E se a espera foi grande nos campos, no Oscar também. A Argentina também é bicampeã da categoria. Levou pela primeira vez em 1986 com "A História Oficial" e pela segunda vez em 2010 por "O Segredo de Seus Olhos".

Há 12 anos a Argentina não leva um Oscar de Melhor Filme Internacional, mas em 2023 tem chance de também de conquistar o tricampeonato no cinema com o ótimo "Argentina 1985", um perfeito "filme de Oscar" que, com linguagem clara, roteiro bem resolvido e direção acertada, conta a história do primeiro processo que os argentinos moveram contra os crimes da Ditadura Militar no país.

Os adversários são fortes (como o vencedor da Palma de Ouro em Cannes "Triângulo da Tristeza"), mas os hermanos têm fortes chances. Em 21 de dezembro, a lista dos pré-indicados será divulgada e a torcida por "Argentina 1985" cresce na medida que a pela seleção.

Prêmios à parte, o fato é que o cinema argentino, assim como o brasileiro, passou por altos e baixos nas últimas décadas, com desenvolvimento de políticas públicas para o setor, de profissionais do roteiro que são marca forte dos hermanos, Mas também crises econômicas que ameaçam a produção. Para se ter uma ideia, Santiago Mitre, diretor de "Argentina 1985", em conversa com esta colunista durante o Festival de Veneza 2022 (quando o filme fez sua estreia mundial), afirmou que não saberia como realizaria e/ou bancária seu próximo filme por conta do atual cenário econômico do país.

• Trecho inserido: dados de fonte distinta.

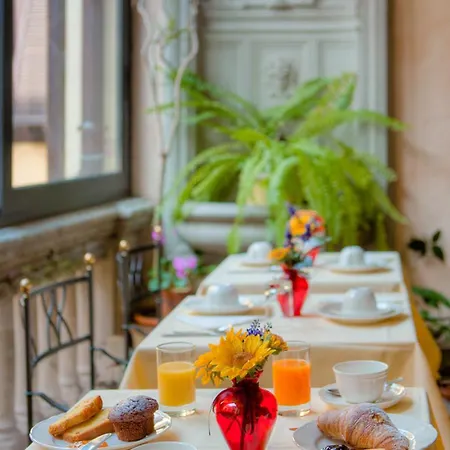 Torre Guelfa Palazzo Acciaiuoli Florence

O fato é que os cinéfilos, assim como os apaixonados por futebol, têm muito o que descobrir e torcer por um país que tem um audiovisual que revela suas histórias e suas entranhas com produções diversas. Isso sem contar as tantas coproduções que a Argentina tem realizado com o Brasil (como "O Livro dos Prazeres", de Marcela Lordy e "Zama", da genial Lucrécia Martel).

A seguir, confira uma lista, afetuosa, de alguns filmes para se descobrir desde o cinema mais comercial ao mais autoral do novo tricampeão:

Ricardo Darín e Peter Lanzani em cena de 'Argentina, 1985', que pode dar o tricampeonato do Oscar de Melhor Filme Internacional ao país em 2023 - Divulgação - Divulgação
Ricardo Darín e Peter Lanzani em cena de 'Argentina, 1985'
Imagem: Divulgação

Argentina 1985 (2022)

Candidato da Argentina ao Oscar 2023, "Argentina, 1985" é estrelado por Ricardo Darín, nome que não pode faltar em listas sobre o cinema de seu país e que vai aparecer em alguns títulos aqui. Falando especificamente do longa dirigido por Santiago Mitre, o filme estreou mundialmente no Festival de Veneza 2022, em setembro, e conseguiu a façanha de ganhar os corações tanto do público internacional quanto dos latino-americanos presentes ao evento.

"Argentina, 1985" é de fato o tal do "filme perfeito para o Oscar". É bem realizado, bem dirigido, tem atuações ótimas e um roteiro muito bem amarrado, que conta uma história relevante tanto sociopoliticamente quanto na questão pessoal de seus personagens. A força está justamente no equilíbrio de todos os elementos. O filme conta a história real do "Juicio de 1985", o julgamento dos militares responsáveis pelos crimes da fase mais terrível da Ditadura que dominou a Argentina por sete anos (de 1976 a 1983), mas que deixou 30 mil desaparecidos.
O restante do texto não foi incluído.